The doctor didn’t even look at what he was holding. ‘It’s for the police.’ He gave Claude another look. ‘The proper ones. No need for you to concern yourself.’

Rocco sighed and held up his badge. ‘I am the police, so enough with the crap. What is it?’

‘Oh. You should have said.’ The doctor held up the bag. ‘This item was embedded in his forearm; probably blown there by the force of the explosion. Do you know what it is?’ It was clear by his expression that
he
did.

Rocco studied the object inside the bag. It was
the thickness of a pencil and made of pale metal, like aluminium. It had a ragged end, as if it had been broken from a longer piece, and was blackened by scorch marks.

He nodded. ‘I know. What was Marthe’s explanation?’

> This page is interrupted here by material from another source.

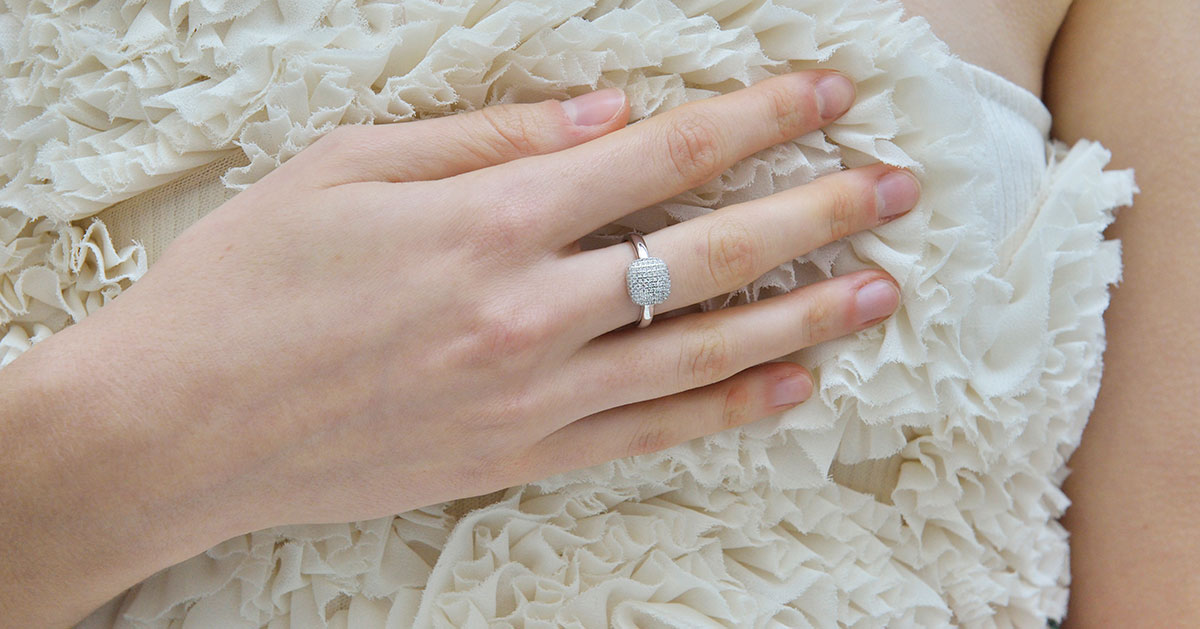 anillos-de-plata-con-piedras-para-mujer_ciconitas-blancas_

‘He didn’t have one. He lost consciousness before I could ask him. If he’s using this technique for taking ordnance apart, Inspector, he needs locking up, for everyone else’s protection if not his own.’

The doctor walked away, calling for the next patient.

 

Moments later, they heard a car squeal to a stop outside and a police
sous-brigadier
marched into the foyer, young, fresh-faced, self-important and austerely immaculate, his
képi
under one arm. He was followed by another uniform who stationed himself by the door. The first man glanced briefly at Claude before disappearing down the corridor after the doctor, clearly familiar with the layout. When he emerged a few minutes later, his face was pale and unfriendly. He strode up to them, eyes inspecting Claude with an expression of distaste.

‘You’re Lamotte.’ he said accusingly. ‘We’ve seen this kind of lunacy before. What’s it this time – another idiot with a death wish looking for scrap?’

‘A grenade,’ Claude explained, stiffening under the man’s eye. ‘He picked up a grenade. I explained to the doctor.’

‘So he said.’ He turned to Rocco. ‘You’re the new
inspector, aren’t you? Odd you should be involving yourself with these people.’

‘People?’ Rocco felt his temper rising. ‘What I do and who I get involved with is none of your business. We’re in the middle of a murder investigation and we brought in a man who’d had an accident.’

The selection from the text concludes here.